Amazon.com Review
There are at least three kinds of jazz books: text-laden historical or critical overviews; photo-laden visual chronicles; and collections that detail the operations of a jazz musician, how a musician technically or creatively acts as a pioneer.
Masters of Jazz Guitar dabbles happily in all three areas. It's a coffee-table book first, with fantastic, evocative photographs strewn throughout. You rarely see a collection in jazz that features photos of folks like Hungarian six-stringer Atila Zoller just pages away from far better known quantities like
Al DiMeola, but the visuals here are just a sweet coating.

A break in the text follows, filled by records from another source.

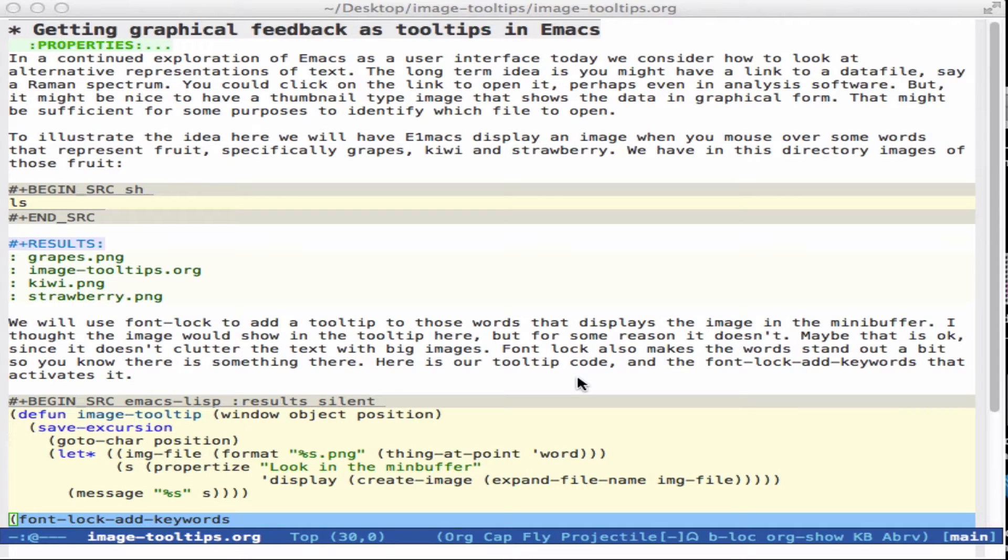All right, today we're going to look at an idea of getting feedback in a graphical form via Emacs.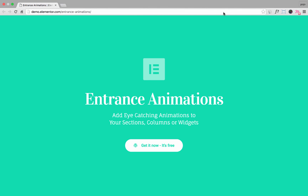Hi everyone, this is Noah from Elementor. Today I'm going to show you our new feature, Entrance Animations. With this amazing feature, you can add eye-catching animations to your sections, columns, or widgets.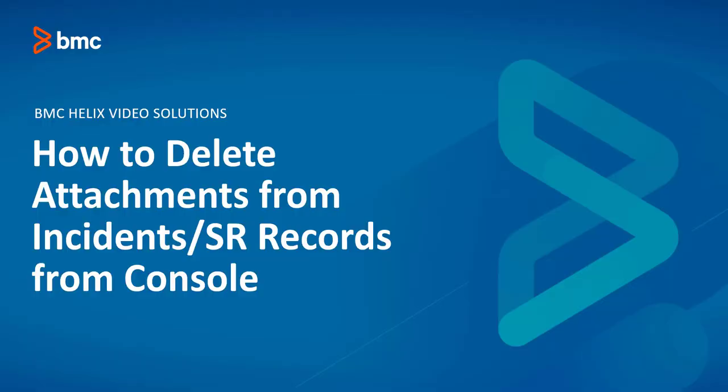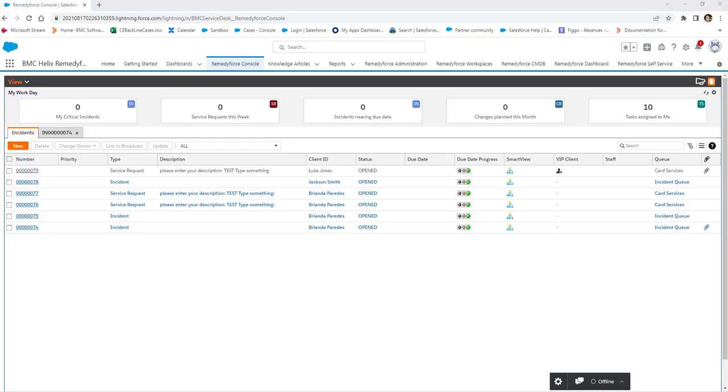Hello and welcome to another BMC Helix Remedy Force video on how to delete attachments from incident records from console. Today, we are going to learn how to delete attachments from the incident record from the console.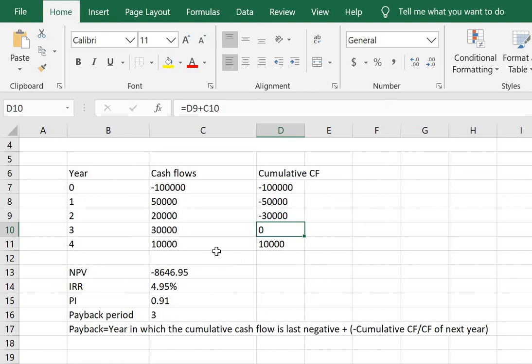In the further videos I will be discussing variations of these problems. We will include depreciation and other complications and see how to derive the net present value, internal rate of return and other parameters. Hope you enjoyed watching this video.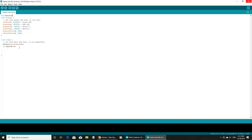Then button 1: digitalWrite LED pin 4 HIGH. Else: digitalWrite pin 4 LOW.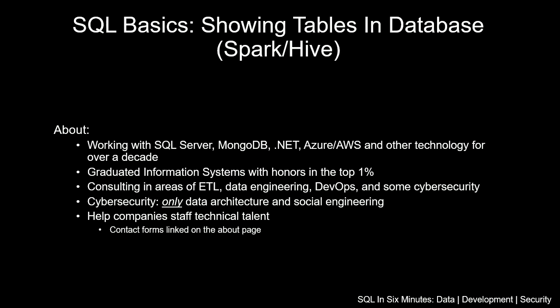In this video we are going to be looking at getting meta information about tables in a database, and this time we're going to be doing it in Spark and Hive.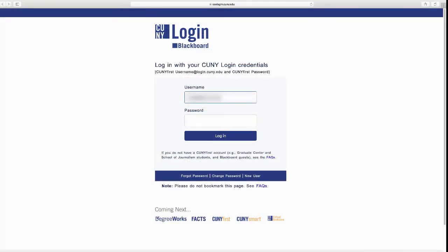Your CUNYFirst account will also change as a result. In addition, your password changes every 90 days, so it is advised that you keep track of updating it.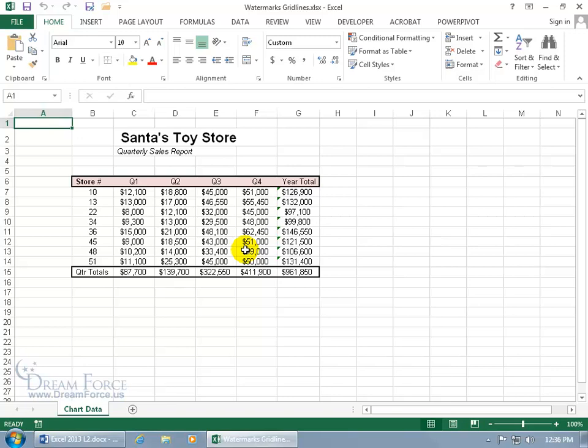It appears on every page and it's faded because you don't want that when it's sitting behind the data here interfering and obstructing what you can see up in front of it, which is, well for quarter three, store number 45 is 43,000.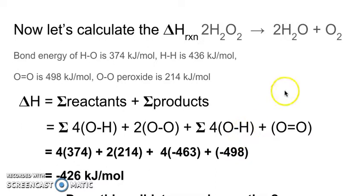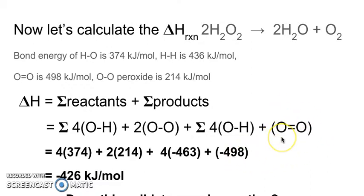We have four O–H bonds and two O–O bonds in the reactants. The bond energies for the products are exothermic, so we indicate that with a negative sign — meaning the bond energy is released as new bonds form. We have four O–H bonds in water, which are slightly more stable, and 498 kilojoules per mole for the oxygen double bond. Once we add everything up, we see that delta H is negative 426 kilojoules per mole. That's why it was so hot above the reaction, and also steam was given off — the water got so hot it actually evaporated into the air.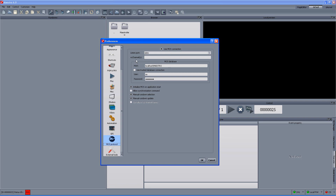I'm not going to go through all of the different options. However, what is important: we can define whether we want the MOS protocol to initialize whenever the application starts or not. We can allow automation synchronization or synchronization command — manual selection or automatic, manual update or automatic as well. Right now I've set everything to be manual so it would be easier to follow the different steps of the workflow.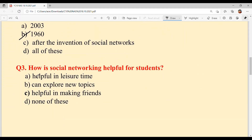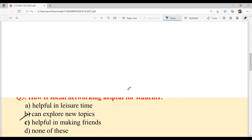Our question number three was: how is social networking helpful for students? Option A: helpful in leisure time. Option B: can explore new topics. Option C: helpful in making friends. Option D: none of these. The answer is option B — you can explore new topics. Students and professionals can create discussion forums, write blogs, and make videos to explore different wide-ranging topics.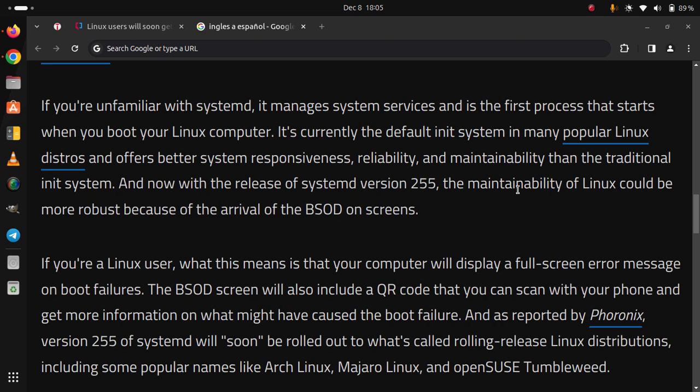version 255 of SystemD will soon be rolled out to what's called rolling release Linux distributions, including some popular names like Arch Linux, Manjaro Linux, and OpenSUSE Tumbleweed.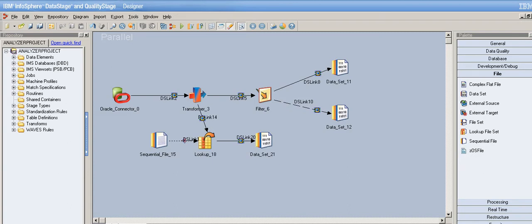Hey YouTube, this is Drishika. This is my 36th video tutorial on DataStage. In my previous tutorials, I covered the transformer stage — I made 11 different parts on it, so whoever is just joining, please check those out. In this video, I'll explain the containers concept — both local containers and shared containers.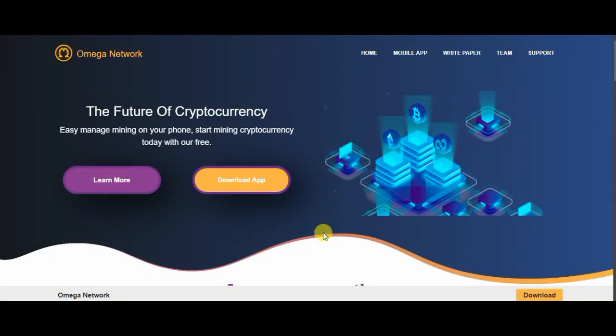As-salamu alaykum viewers, welcome to our first time. Let's talk about Omega Network. This site has been released. We know that this site has been released and it has been a long time since we have been able to start mining.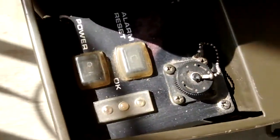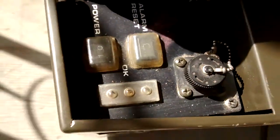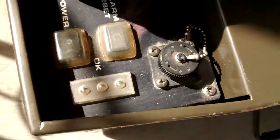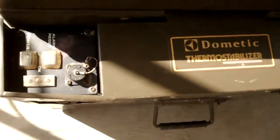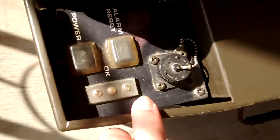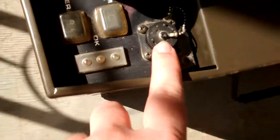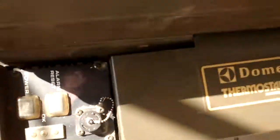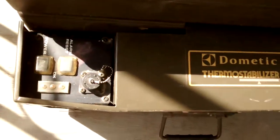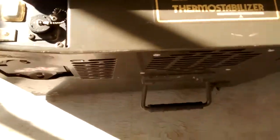These are the controls, alarm reset, power, some other things. This is for an external monitoring device.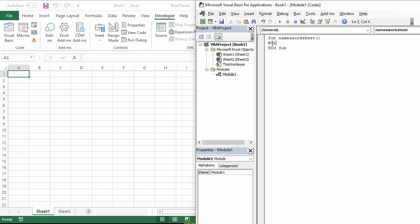You should use the worksheets collection object and then you've got to say which sheet you want to rename. So I'm going to do that by actually giving the name of the sheet. There are different ways of referencing a particular sheet. This is the way I'm going to use.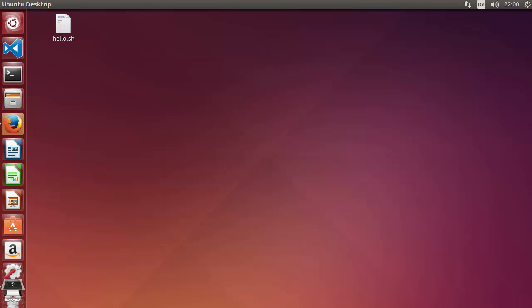Hey guys, welcome to the next video on the Redis tutorial for beginners. In this video I'm going to show you how you can download and install Redis on a Linux operating system. For this demonstration I will be using an Ubuntu operating system, so let's get started.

Inside, the text is even more delicious, with 25 chapters breaking down the jazz guitar traditions, from
Django Reinhardt to
Wes Montgomery,
Pat Metheny, and many more. In addition, the chapters are authored by a slew of great British critics, including
Stuart Nicholson and
Brian Priestley, each of whom demonstrates a liberal cut in the jazz tradition, an idea of the genre that easily spans swing, bop, free jazz, and the chilly abstractions of Derek Bailey. For the guitar player, this is a splendid and entertaining resource. For the jazz fan, it's all that and more.
--Andrew Bartlett
From Library Journal
These two books provide contrasting approaches to jazz photo collections. Masters of Jazz Guitar, an oversized volume, skillfully mixes more than 200 color photos of musicians and album-cover art with 25 insightful essays by notable writers. Beginning with jazz guitar roots, Alexander--publisher of Jazzwise magazine--traces the use of the guitar from swing to bop to bebop, cool, hardbop, and fusion. It contains chapters on such icons as Django Reinhardt, Charlie Christian, Joe Pass, and Wes Montgomery; devotes sections to specialty areas such as Brazilian guitarists; and showcases some of the new talent on both sides of the Atlantic. Hardly just a coffee-table adornment, this volume provides all types of readers with a visually stunning, informative compendium of the many styles of jazz guitar during the last century. Highly recommended. Is This To Be My Souvenir? more modestly compiles over 300 black-and-white photos from the collection of Danish journalist and one-time New York jazz aficionado Rosenkrantz. It includes photographs of prebop giants such as Duke Ellington and Louis Armstrong as well as lesser-known artists like Rube Bloom. B chmann-Moller (You Got To Be Original, Man!) adds paragraph-length biographies of the musicians pictured. Though littered with many stock publicity head shots, the book occasionally rises above a drab effort with revealing, never-before-published photos such as the picture of a happy-go-lucky Fats Waller eating a hot dog on a New York street before a session. Hardly indispensable and suffering in comparison to Masters of Jazz Guitar, this title will appeal mainly to fanatics of prewar jazz.